--- WORK TASK ---
Given the entries below, would you transcribe exactly the lines starting at the one with "A bowl filled" and ending at the one with "Close up image", both kept, pictures omitted, nothing extra?
** Opening RECORDS FOR THE TASK block **
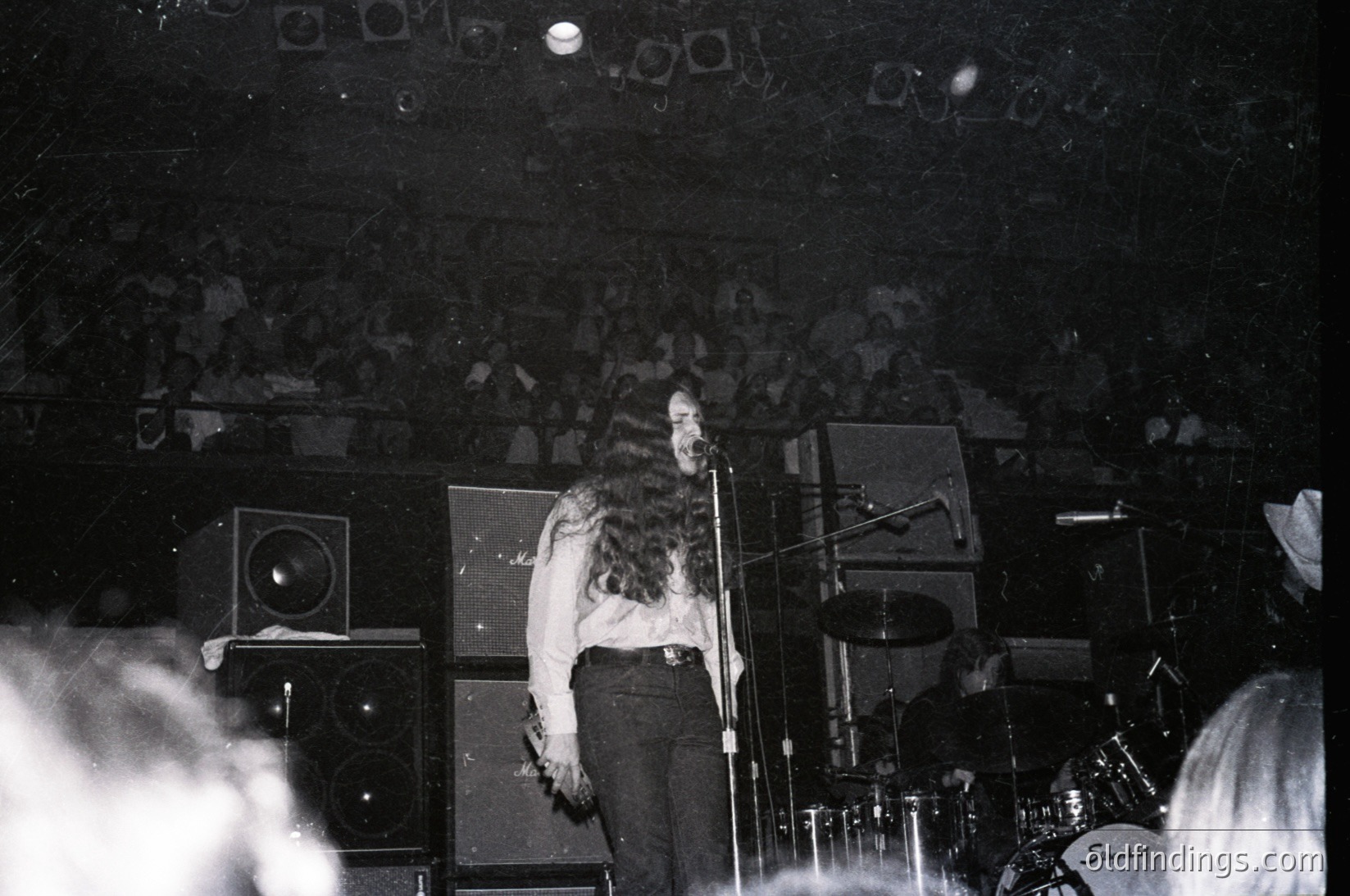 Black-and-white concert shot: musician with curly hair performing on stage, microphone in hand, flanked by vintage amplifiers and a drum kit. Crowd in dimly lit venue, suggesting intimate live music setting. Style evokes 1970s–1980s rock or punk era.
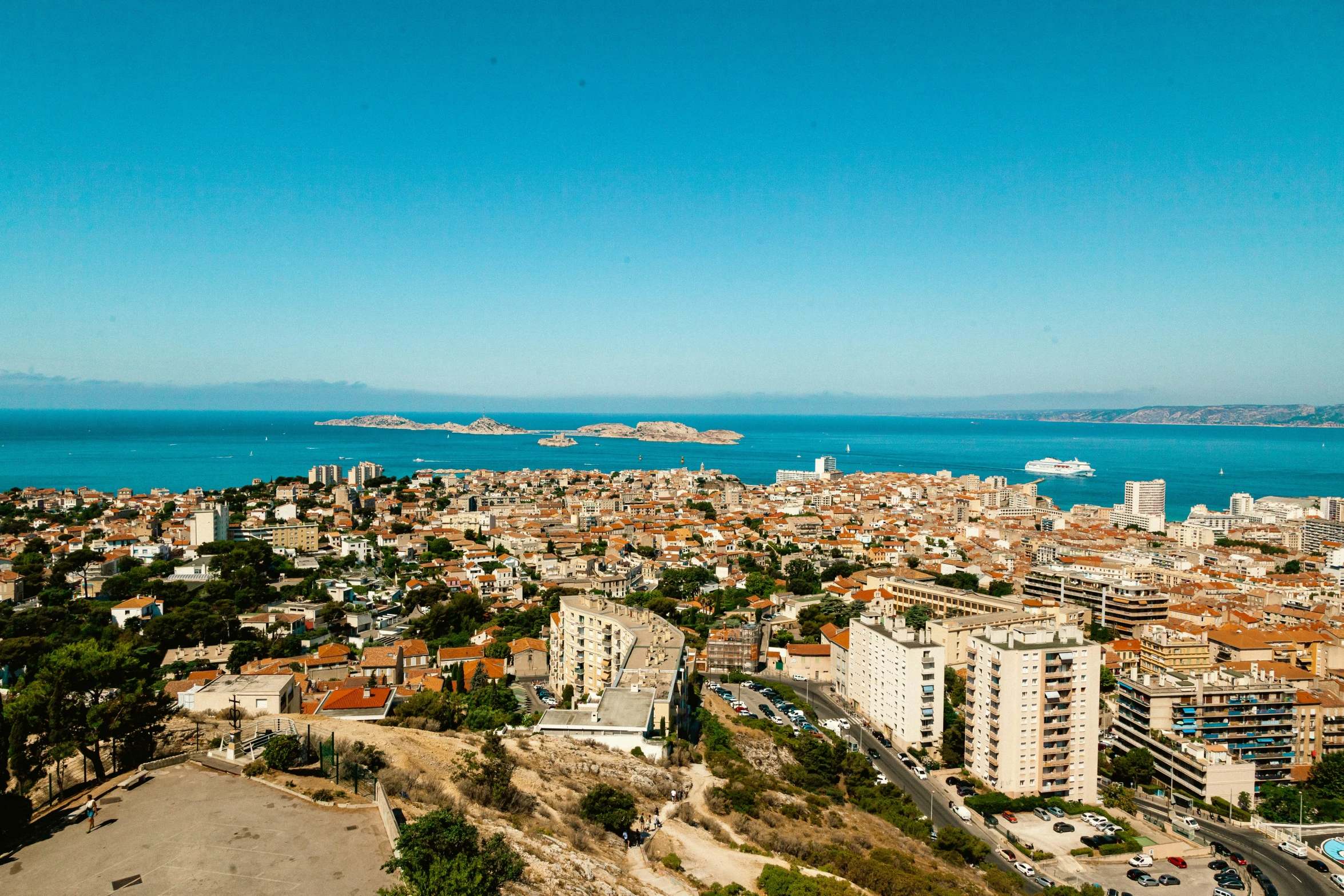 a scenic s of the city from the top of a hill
** Closing RECORDS FOR THE TASK block **
** Opening RECORDS FOR THE TASK block **
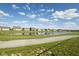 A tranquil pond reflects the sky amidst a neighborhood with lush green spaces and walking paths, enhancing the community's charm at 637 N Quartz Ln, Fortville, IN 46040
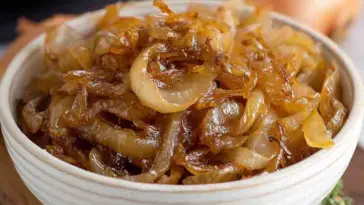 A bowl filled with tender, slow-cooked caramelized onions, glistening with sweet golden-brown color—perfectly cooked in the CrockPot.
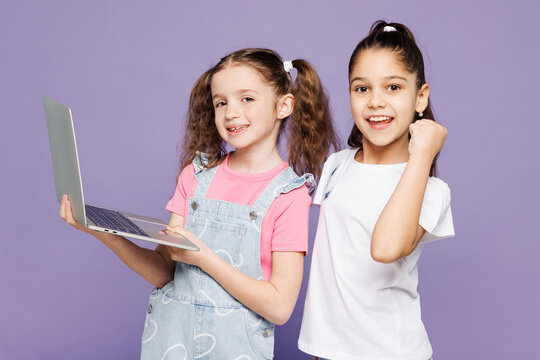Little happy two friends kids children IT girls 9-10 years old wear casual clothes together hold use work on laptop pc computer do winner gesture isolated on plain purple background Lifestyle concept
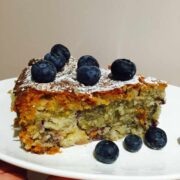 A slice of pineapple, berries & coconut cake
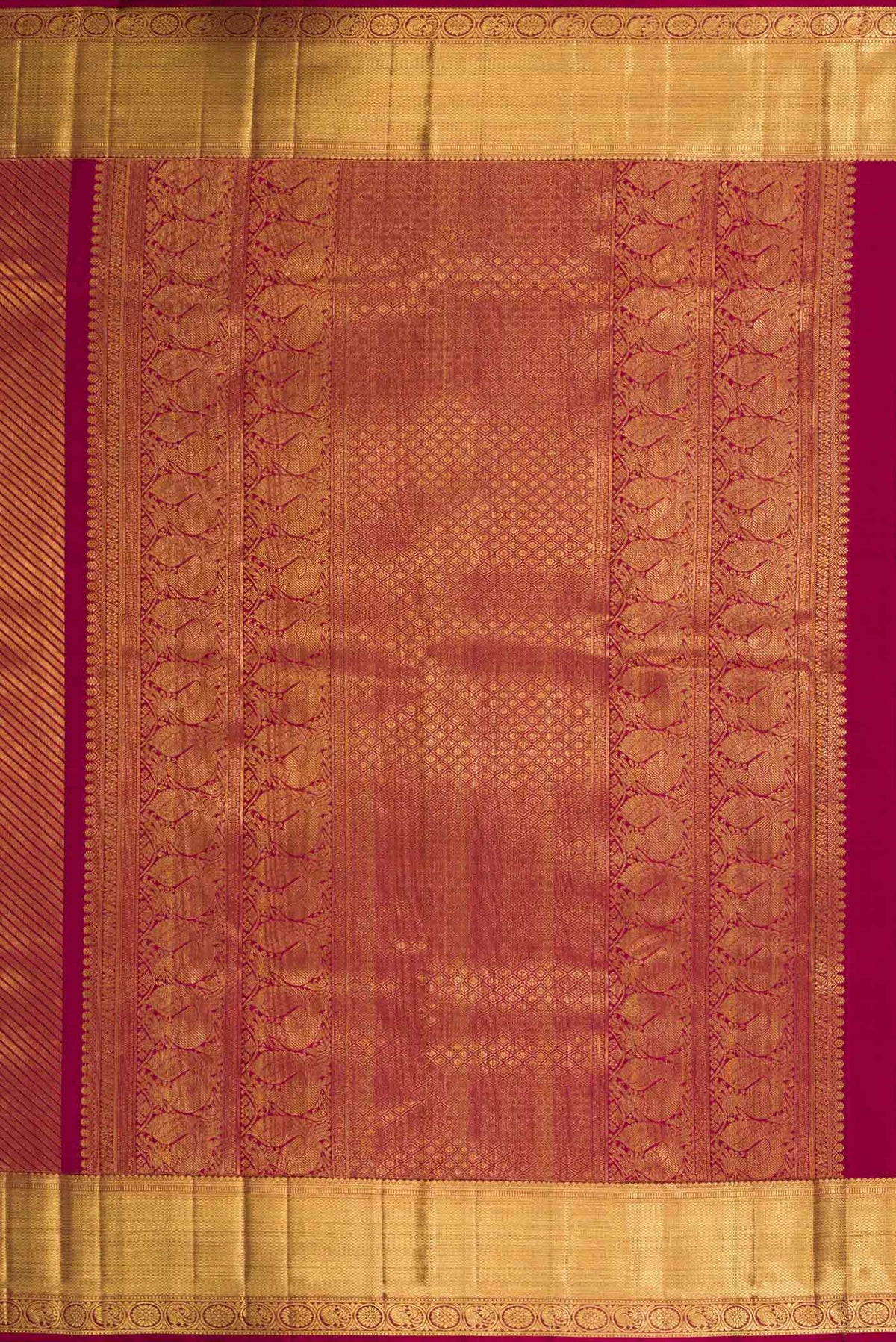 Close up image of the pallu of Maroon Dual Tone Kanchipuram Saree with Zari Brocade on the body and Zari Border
** Closing RECORDS FOR THE TASK block **
--- SOLUTION FOR THIS PROBLEM ---
 A bowl filled with tender, slow-cooked caramelized onions, glistening with sweet golden-brown color—perfectly cooked in the CrockPot.
Little happy two friends kids children IT girls 9-10 years old wear casual clothes together hold use work on laptop pc computer do winner gesture isolated on plain purple background Lifestyle concept
 A slice of pineapple, berries & coconut cake
 Close up image of the pallu of Maroon Dual Tone Kanchipuram Saree with Zari Brocade on the body and Zari Border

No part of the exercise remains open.